J'ai été très heureux de recevoir aujourd'hui M. Jacques Poos. Nous avions déjà passé le week-end ensemble pour le Gymnich à Salzbourg où il faisait un temps comparable à celui d'aujourd'hui à Paris. Nous avons parlé de tout, et de façon très efficace. Cela nous a permis en très peu de temps d'aborder tous les sujets parce que nous nous connaissons bien. Nous travaillons en confiance, dans un climat d'amitié et de coopération très concrète. Nous avons déjà eu l'occasion, à maintes reprises, d'examiner les différentes positions de nos pays qui sont très largement concordantes.
Nous avons poursuivi sur un certain nombre de points les discussions européennes qui se mènent dans d'autres enceintes. Nous avons poursuivi les réflexions menées à Salzbourg sur l'amélioration du mode de fonctionnement du Conseil pour traiter des questions européennes. C'est particulièrement important en ce moment où de grands dossiers nous attendent. Nous avons parlé des questions des institutions, de l'Agenda 2000, de l'élargissement. Sur tous ces sujets, nos points de vue sont très largement concordants. Nous avons fait le point de nos relations bilatérales qui sont excellentes malgré deux ou trois problèmes à régler ou à débloquer. Nous avons évoqué aussi quelques autres grands sujets d'actualité comme la Russie. C'était une rencontre essentiellement bilatérale et européenne et je me réjouis une fois encore d'avoir pu accueillir ici Jacques Poos.
Q - De quelle mission sera investie la troïka qui se rend en Russie ?
R - C'est simple, elle va se rendre compte sur place de la situation. Cette troïka va essayer de mieux comprendre, à travers les contacts qu'elle aura avec divers interlocuteurs, même si les prochains responsables gouvernementaux en Russie ne sont pas encore déterminés, quelles sont les grandes lignes de la politique, notamment économique que le gouvernement russe pourra mener. C'est un élément important pour notre analyse, pour celle des ministres des Affaires étrangères, des ministres des Finances, des chefs d'Etat et de gouvernements. Il va permettre de savoir comment et dans quelles conditions, l'Europe pourra poursuivre une aide utile aux vraies transformations que nous souhaitons en Russie, afin que l'Etat puisse jouer son rôle.

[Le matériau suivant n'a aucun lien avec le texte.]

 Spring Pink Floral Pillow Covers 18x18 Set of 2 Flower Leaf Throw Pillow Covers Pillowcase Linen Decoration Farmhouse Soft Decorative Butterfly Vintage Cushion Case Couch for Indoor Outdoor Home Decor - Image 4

Q - L'Europe ou la France envisagent-elles à titre individuel une aide à la Russie ?
R - Le problème ne se pose pas comme cela. Il faut analyser la situation, savoir qui on a en face de nous. Il faut savoir ce qu'est prêt à faire ce nouveau gouvernement quand il sera constitué. C'est à partir de cela que nous aurons un dialogue sérieux avec lui, que ce soit le FMI, les Etats-Unis, l'Union européenne ou chaque pays en particulier.
Nous aurons un dialogue sérieux avec eux parce que nous voulons pouvoir contribuer à accompagner un mouvement de transformation véritable. Ce mouvement de transformation, ce n'est pas simplement des mesures économiques isolées d'un contexte, elles doivent toutes s'appuyer sur la restauration d'un Etat qui puisse remplir ses fonctions, y compris dans le contexte d'une économie de marché à créer. Voilà le sens de cette initiative à ce stade.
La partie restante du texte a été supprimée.